Ultimately, this much needed change stemmed from the fact that people outside the industry were aware that these actions were taking place. Along with the access to facts, media attention, eco-campaigners and consequent customer awareness lead to the criticism which was a catalyst for Burberry’s more ethical business model. However, while this progress appears promising, there is a disheartening amount of brands that aren't following suit, and the practice of burning products is still commonplace. Just how commonplace remains a mystery, and it is this culture of secrets which lies at the heart of the fashion industry’s problem.
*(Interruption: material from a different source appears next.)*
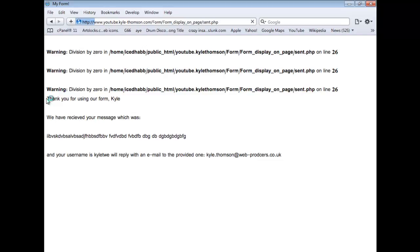It shows you, thank you for using our form and it's got the name we entered. Then we've received your message which was that, which is the message I had entered. It says your username is Kyle T, which I've entered. Then it says we will reply with an email to the provided one, and that's the email I provided them. So you can see that this can be quite effective.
In 2019, Fashion Revolution’s transparency index revealed just how little the majority of well known labels know or are willing to share about their garment making process – on average brands scored a mere 21% for transparency on a points based system. Fashion Revolution try to hold these labels to account by asking how, where and who made our clothes - honesty about the garment process doesn’t just refer to the end of the line, the waste and impact on environment. There is a social responsibility too, across the whole production line. The events of 2013 highlighted this, when over a thousand garment factory workers were killed while working in unsafe conditions as a result of the Rana Plaza building collapse. When events like these happen, so awful and monumental, it should spark change. And yet, seven years later, the financial impact of the coronavirus on Bangladeshi workers, leaving over one million without jobs, shows that this problem of social negligence is still prevalent and happening today.
Though most of the labels associated with Bangladeshi sweat shops are high street, these incidents raise questions for the fashion industry across the whole spectrum, from fast fashion to luxury. Where are our clothes being made? Are the working conditions acceptable? How much waste is produced? These queries too often go unanswered. But, it is important that we don’t stop asking.
As consumers, we should be demanding that our favourite brands publish and make accessible information about their garment making process, from raw materials suppliers to processing facilities to what they do with their waste. This doesn’t necessarily ensure ethical production, but it is the first step in the right direction and allows for issues to be picked up and challenged. Without transparency, there is no room for change. It is inexcusable that there is still such a lack of clarity for consumers within the fashion industry. Both socially and environmentally it is high time that the fashion industry take some responsibility, and we can too - by asking them for it.